Décès de Robert Mugabe : Un Janus politique a quitté l’arène définitivement

Se faire craindre et respecter du Blanc, combattre le colon de l’ex-Rhodésie du Sud, se montrer courageux, voire téméraire, défier la mort et la prison, sévir voire envoyer  au bucher l’ennemi ou l’opposant, les 2 étant pareils au même, selon Mugabe, c’est au prix de moult actions diverses, de souffrances et mortifications que s’écrit la légende de ‘’Papy Bob’’, dont la médecine bionique singapourienne qui l’a sauvé plusieurs fois, a été incapable, ce 5 septembre de le faire. La mort a eu raison de Robert Mugabe à 95 ans, loin de son pays.

Et c’est un signe manifeste de 37 ans de discours oiseux où il vitupérait contre le colonialisme, les Blancs exploiteurs, mais pas de gouvernance concrète. Pourquoi aller à l’étranger se soigner (Mugabe faisait régulièrement ses chek up au pays Lee Kwe Yuan) alors que le Zimbabwe aurait pu ériger des hôpitaux de pointe ?

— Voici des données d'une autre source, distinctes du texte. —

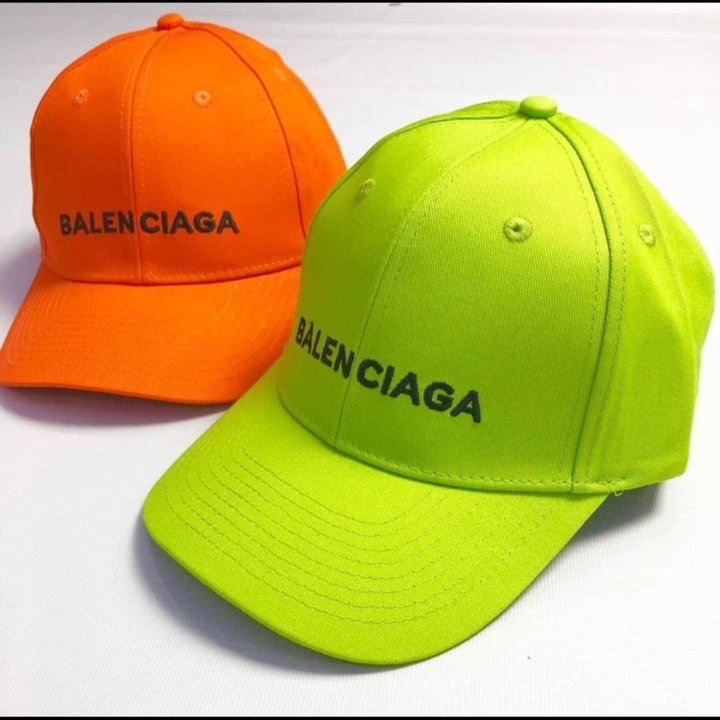 Кепка крутые часы брендовая одежда.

Dès 1982, deux ans après l’accession de l’indépendance de l’ancienne Rhodésie du Sud, le 18 avril 1980, célébrée en grandes pompes, sous les «Zimbabwe !» du rastaman jamaïcain Bob Marley, 2 ans après cet avènement affleurait déjà, l’autocrate avec l’ensanglantement des terres des Ndebelé, dans la province du Matabeleland, chez son ex-allié Joshua Nkomo. On dénombra 200 000 victimes.

Dans les années 2000, une pseudo-réforme agraire fit s’abattre d’énormes violences sur les fermiers blancs, avec comme impact direct l‘écoulement d’une économie déjà exsangue marquée par une inflation stratosphérique, avec des billets de 100 milliards de dollars zimbabwéens, pour se payer une bouchée de victuailles, qui n’existaient même pas , les magasins étant vides dans ce «pays-grenier de l’Afrique».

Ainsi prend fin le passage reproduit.